*What the task asks:* Here the job is to return only the lines of the material, exactly, from the first one to the line with "Daisi Daniels at".

Data records Block Start

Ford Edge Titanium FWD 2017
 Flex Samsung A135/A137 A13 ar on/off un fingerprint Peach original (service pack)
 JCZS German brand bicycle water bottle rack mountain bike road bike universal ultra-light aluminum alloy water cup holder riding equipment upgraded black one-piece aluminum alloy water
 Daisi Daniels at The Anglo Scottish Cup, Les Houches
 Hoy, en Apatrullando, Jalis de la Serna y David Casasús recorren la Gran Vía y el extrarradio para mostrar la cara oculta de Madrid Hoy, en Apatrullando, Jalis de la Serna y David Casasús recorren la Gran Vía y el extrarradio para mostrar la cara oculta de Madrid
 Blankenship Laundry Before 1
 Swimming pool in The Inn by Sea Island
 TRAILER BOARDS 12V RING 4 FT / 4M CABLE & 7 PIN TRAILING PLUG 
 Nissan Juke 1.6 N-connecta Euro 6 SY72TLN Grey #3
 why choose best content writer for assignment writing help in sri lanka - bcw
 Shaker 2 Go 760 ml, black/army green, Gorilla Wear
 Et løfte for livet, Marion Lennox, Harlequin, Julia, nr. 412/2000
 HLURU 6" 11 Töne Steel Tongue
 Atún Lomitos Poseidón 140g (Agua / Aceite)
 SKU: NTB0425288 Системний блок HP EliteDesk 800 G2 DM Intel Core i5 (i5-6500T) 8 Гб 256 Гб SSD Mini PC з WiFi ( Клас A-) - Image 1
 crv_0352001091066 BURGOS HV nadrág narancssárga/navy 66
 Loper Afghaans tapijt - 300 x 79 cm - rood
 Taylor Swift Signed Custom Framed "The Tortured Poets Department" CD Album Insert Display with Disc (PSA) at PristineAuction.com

Data records Block End

*Solution for this task:*
Ford Edge Titanium FWD 2017
 Flex Samsung A135/A137 A13 ar on/off un fingerprint Peach original (service pack)
 JCZS German brand bicycle water bottle rack mountain bike road bike universal ultra-light aluminum alloy water cup holder riding equipment upgraded black one-piece aluminum alloy water
 Daisi Daniels at The Anglo Scottish Cup, Les Houches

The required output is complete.